Es relevante comprender que apenas la mitad de las exportaciones chinas a los Estados Unidos tienen como objeto bienes de consumo. El grueso de los intercambios actuales se realiza en componentes, productos intermedios y bienes de capital. Es decir, tiene como cliente principal al sistema productivo norteamericano, de manera que penalizar las importaciones distorsiona sus cadenas de aprovisionamiento. Además, dado que China representa el 40% del comercio internacional de productos que se consideran cuellos de botella potenciales y es el principal proveedor de la mayor parte de las materias primas indispensables para la transición digital y energética, los actos de Trump se asemejan más a un movimiento táctico que estratégico.
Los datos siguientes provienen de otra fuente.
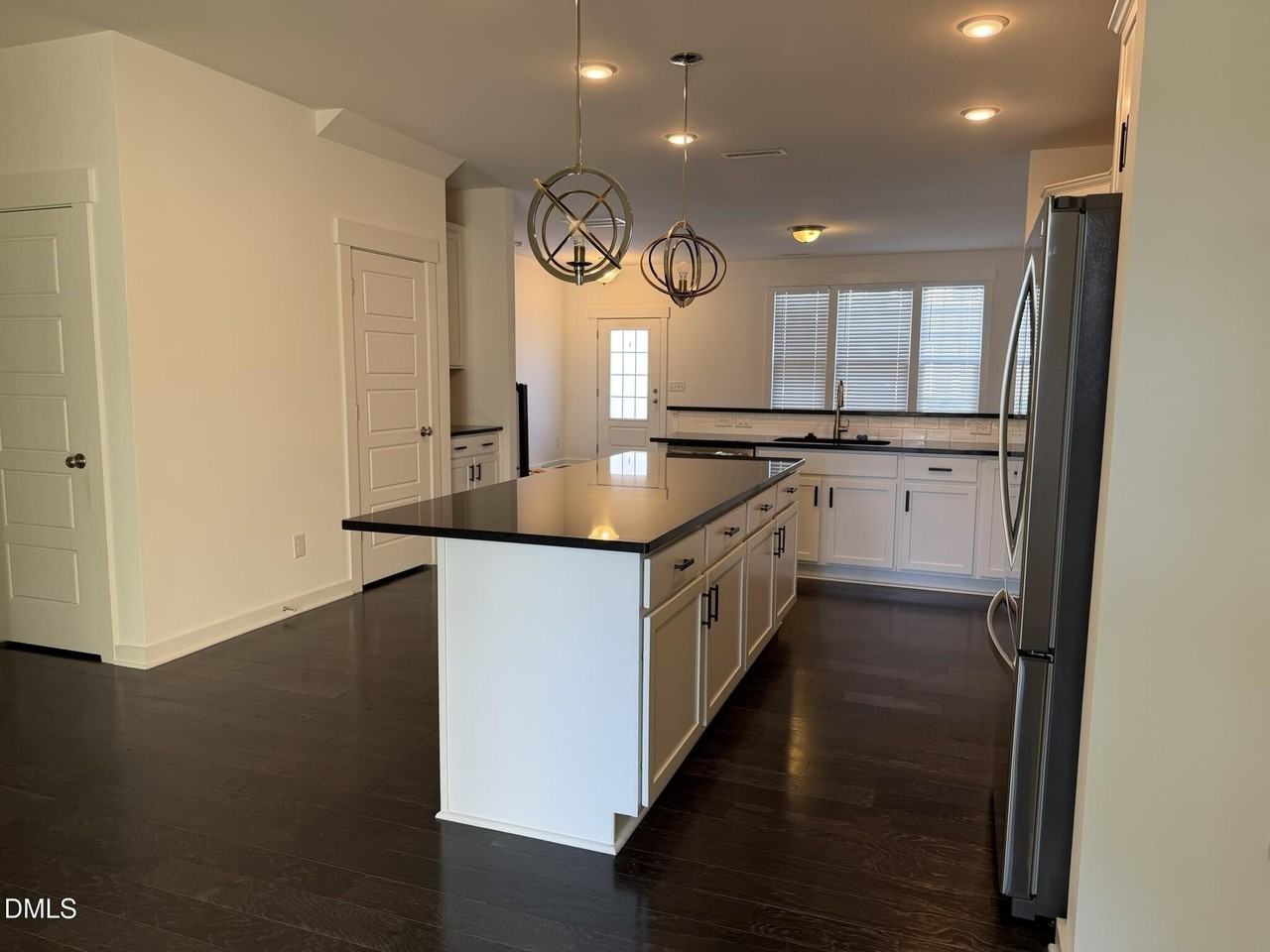 470 Triumph Ln - Photo 5 of 17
Mejor sería atender pues a la dimensión geopolítica del conflicto. La economía internacional ya afrontaba un riesgo de fragmentación, con un incipiente desvío de inversiones hacia socios políticamente afines, pero el uso de terceros para los intercambios comerciales (como México o Vietnam), la amenaza latente de destrucción mutua asegurada y el creciente protagonismo del comercio de servicios mantenían el flujo vital de las relaciones económicas internacionales. Ahora, los intentos aparentes de establecer una cuña a toda costa en las relaciones entre Rusia y China amenazan con fragmentar el tablero geoestratégico en forma y direcciones imprevistas.
Una señal de alerta más desde el ámbito financiero. En realidad el déficit exterior es el resultado de la capacidad del país para mantener ritmos elevados de inversión sin las exigencias de disponer de mucho ahorro interno. Estados Unidos sostiene de forma duradera su expansión económica mediante el recurso a la financiación exterior. El milagro es posible por el atractivo de su mercado interior, la relevancia de sus activos financieros y el predominio del dólar como moneda de reserva. Los flujos de inversión, tanto directa como financiera, han sido suficientes para garantizar su cobertura e incluso para facilitar la expansión internacional de las empresas norteamericanas y el liderazgo de sus productos financieros. Y, cuando ha sido necesario, el recurso al endeudamiento ha venido al rescate, hasta el punto representar actualmente una tercera parte de la deuda global.
En este punto, el comportamiento reciente de los mercados de divisas y deuda merece una atención principal, pues los flujos de ahorro dependen críticamente de las expectativas de los inversores y de la credibilidad otorgada a las políticas económicas. Huelga decir que los vaivenes en política comercial están generando tensiones latentes. El descenso de casi un 10% en el valor del dólar y el aumento de casi medio punto en los intereses de la deuda ponen de manifiesto recelos y desconfianza hacia estos activos, hasta el punto que la prima de riesgo ante Alemania alcanzó casi los dos puntos. No es un episodio banal, ya que es un proceso característico de las economías menos estables y porque fueron las ventas masivas de bonos del tesoro el detonante del cambio de rumbo en política comercial.
La depreciación del dólar probablemente satisfaga los intereses de quienes ansían mejorar el saldo exterior pero, junto con los mayores aranceles, dificulta los objetivos de inflación establecidos por la Reserva Federal y encarece el coste de financiación de la deuda. Si en un futuro próximo se impulsan reducciones impositivas caprichosas, la atención se desviará hacia las casillas financieras del tablero.